→ **Your instructions**:
A word-for-word copy of the listing is what's needed; leave out every image.

→ **Data block**:
——————————
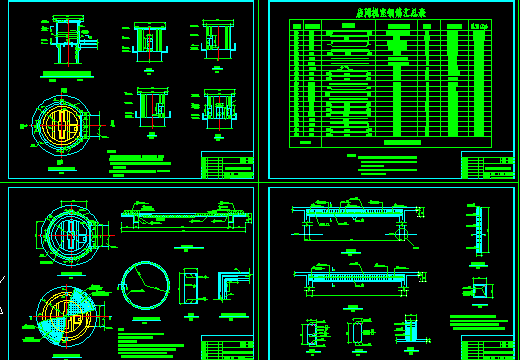 ���ջ��ҽṹ���ͼֽ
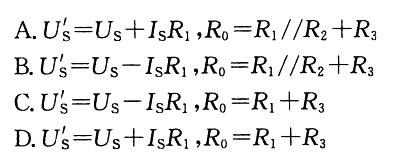 基础知识,章节练习,土木基础知识真题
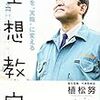 「できないこと」を持ち寄るとうまくいく 〜 植松努さんの『空想教室』より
——————————
→ **Answer box**:
 ���ջ��ҽṹ���ͼֽ
 基础知识,章节练习,土木基础知识真题
 「できないこと」を持ち寄るとうまくいく 〜 植松努さんの『空想教室』より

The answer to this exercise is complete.